La primera gran inconveniencia que presentó nuestra geografía patria se expresó tanto simbólica como materialmente en la mutilación de la boca de la cornucopia, quiero decir, en la pérdida de la mitad del territorio nacional en manos del expansionismo yanqui. El editor catalán Santiago Ballescá -el mismo a quien debemos la edición de México a través de los siglos, obra monumental dirigida por Vicente Riva Palacio- contrató a Justo Sierra (1848-1912), entonces ministro de Instrucción Pública y Bellas Artes del gobierno de Díaz, para que escribiera Juárez, su obra y su tiempo. El libro fue publicado por entregas en el contexto de la celebración del Centenario del Natalicio de Juárez, y fue parte de las respuestas del status quo porfirista frente a los dos libros que Francisco Bulnes había escrito contra don Benito (El verdadero Juárez y la verdad sobre la intervención y Juárez y las revoluciones de Ayutla y de Reforma; 1904 y 1905, respectivamente).
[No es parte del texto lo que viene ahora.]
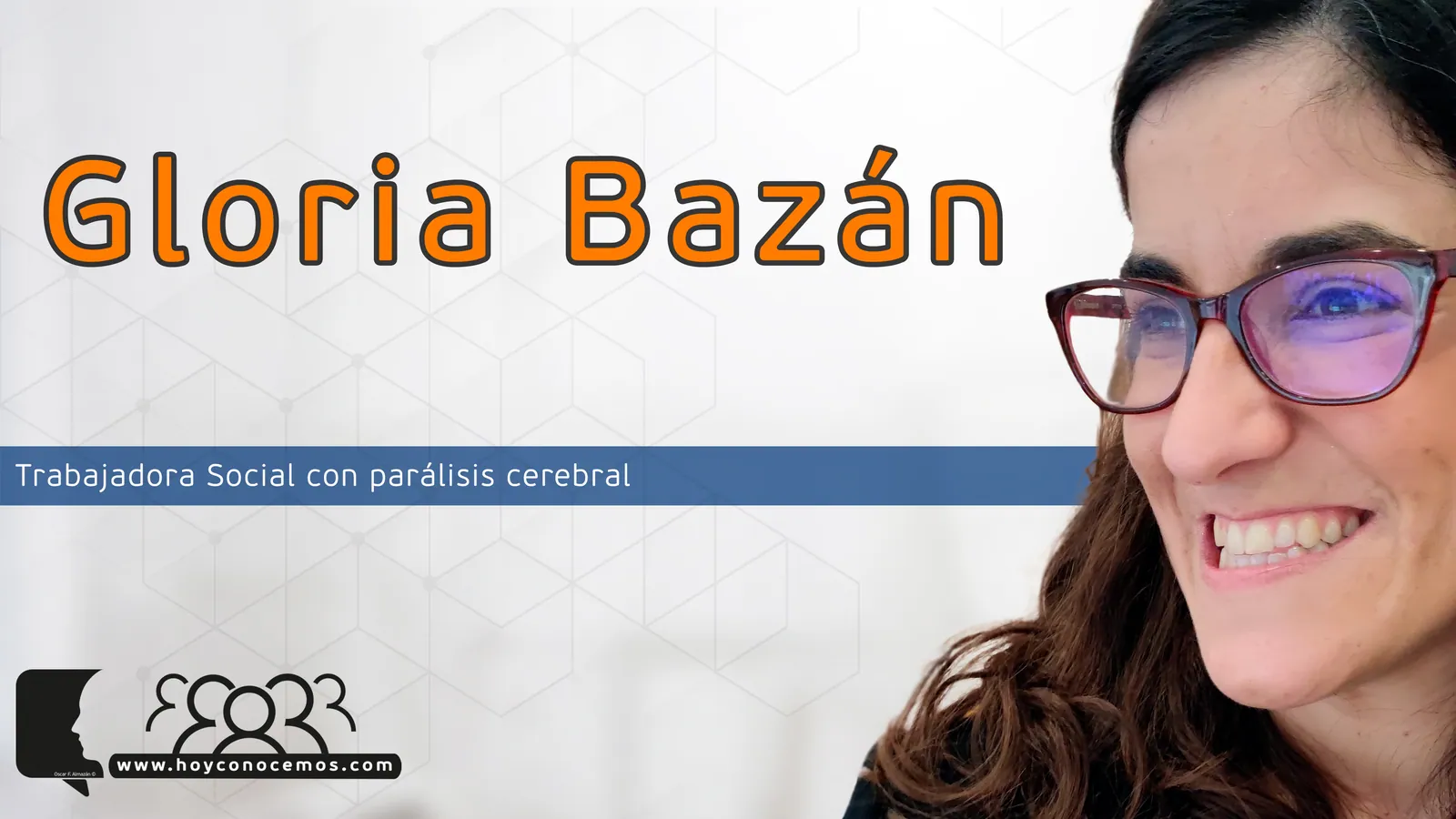 Gloria Bazán durante la entrevista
Al igual que los conservadores, entre otras muchas culpas, Bulnes vituperaba a Juárez por el tratado MacLane-Ocampo; en su alegato para exculpar al zapoteco, Sierra escribió que, ante la amenaza colonialista europea, “nuestros enemigos naturales eran nuestros amigos necesarios, y México era la Caperucita Roja del cuento de Perrault”. Se refería, claro, a Estados Unidos, en cuya vecindad estribaba “la fatalidad satánica de nuestra situación geográfica”. Pocos años después, ya en el exilio, don Porfirio formularía la misma idea con otras palabras: “¡Pobre México, tan lejos de Dios y tan cerca de Estados Unidos!”
Carlos Fuentes adecuaría el planteamiento en su cuento “Río Grande, río Bravo” (La frontera de cristal, 1997): “Pobre México, pobre Estados Unidos, tan lejos de Dios, tan cerca el uno del otro”.
El territorio, cualquiera, cornucopia de fatalidades.